> Supplied records
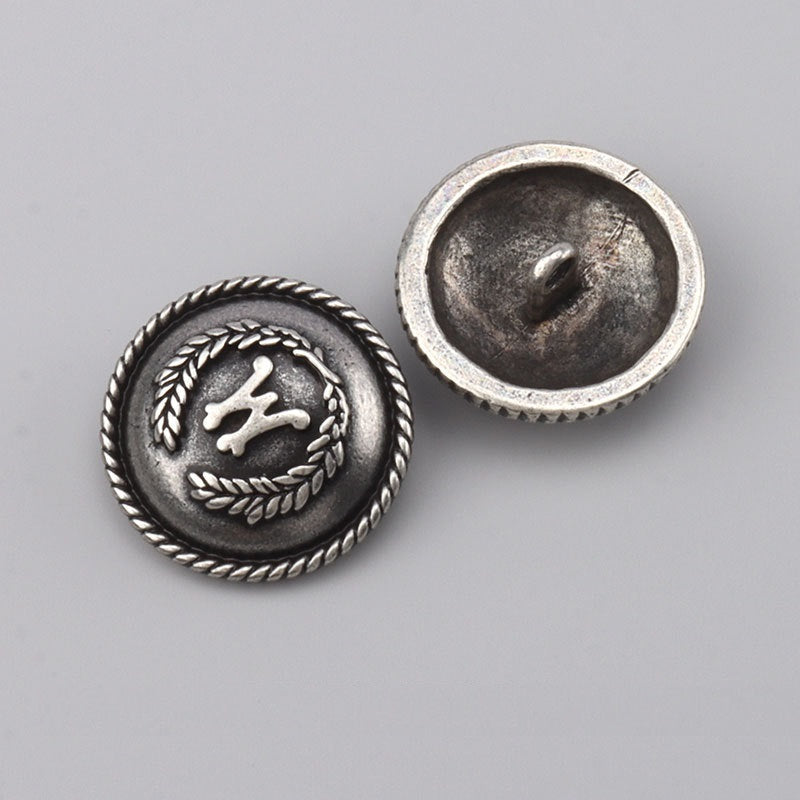 Dark silver metal button front with wreath and matching back with shank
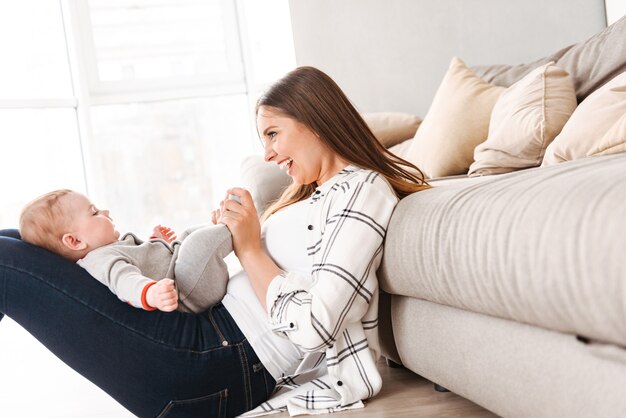 Happy young woman mother having fun with her little son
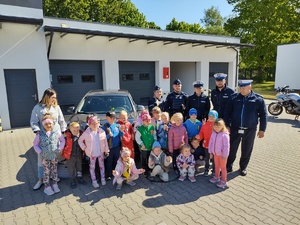 dzieci w towarzystwie policjantów zwiedzają komendę policji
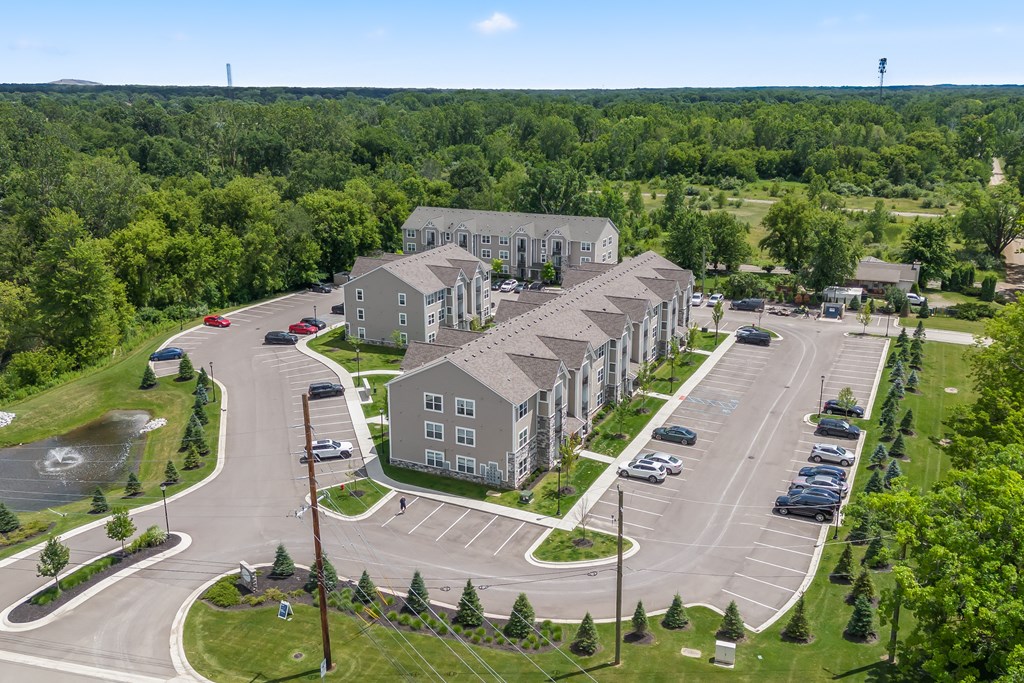 A large building complex with a parking lot in front.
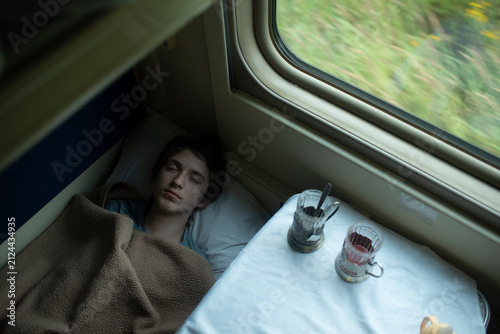 Teenage boy sleeping inside passenger train compartment on summer trip
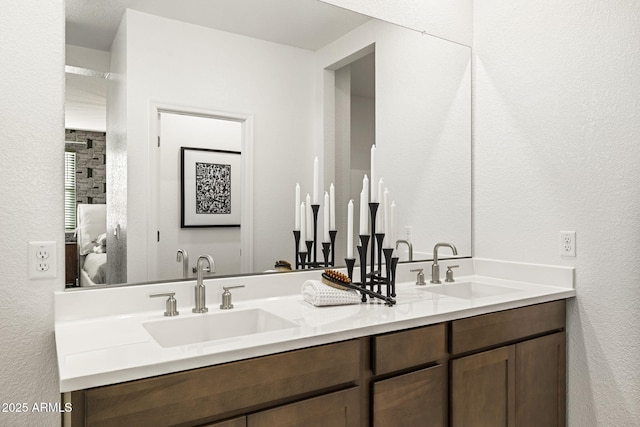 17738 W Onyx Ave, Waddell, AZ 85355 - full bath featuring ensuite bathroom, double vanity, and a textured wall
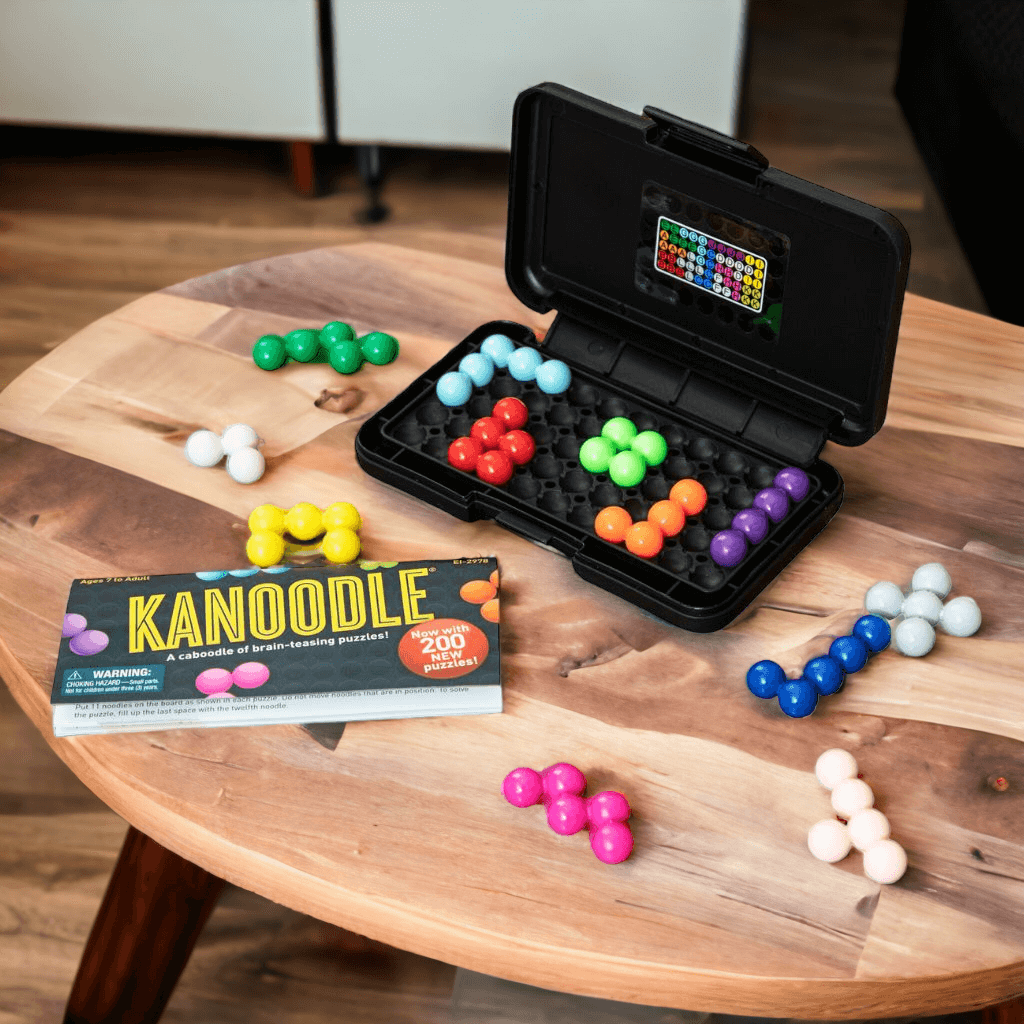 Kanoodle brain-teasing puzzles game by Educational Insights on a wooden table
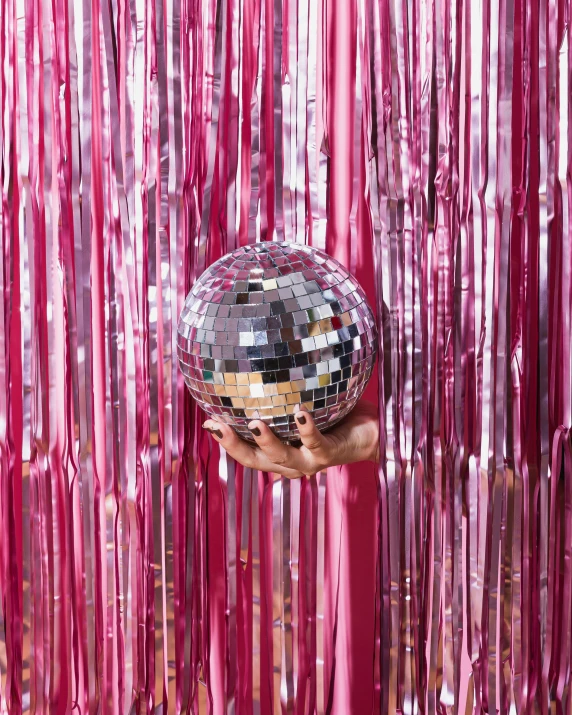 someone holding up a disco ball to the camera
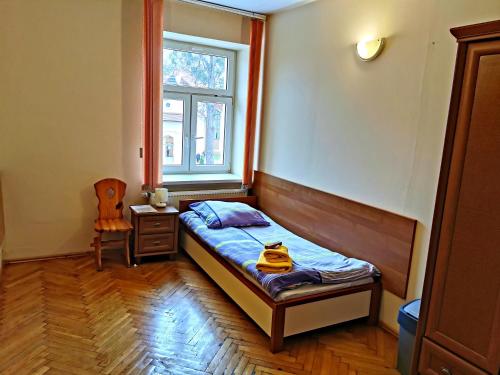 um pequeno quarto com uma cama e uma janela em "Aleksandrówka" Restauracja i Noclegi em Horyniec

> What you are asked to do
Leave the pictures out. Output, exactly, the lines of the material above starting at the line containing "dzieci w towarzystwie" and ending at the line containing "someone holding up".

> Exercise result
 dzieci w towarzystwie policjantów zwiedzają komendę policji
 A large building complex with a parking lot in front.
 Teenage boy sleeping inside passenger train compartment on summer trip
 17738 W Onyx Ave, Waddell, AZ 85355 - full bath featuring ensuite bathroom, double vanity, and a textured wall
 Kanoodle brain-teasing puzzles game by Educational Insights on a wooden table
 someone holding up a disco ball to the camera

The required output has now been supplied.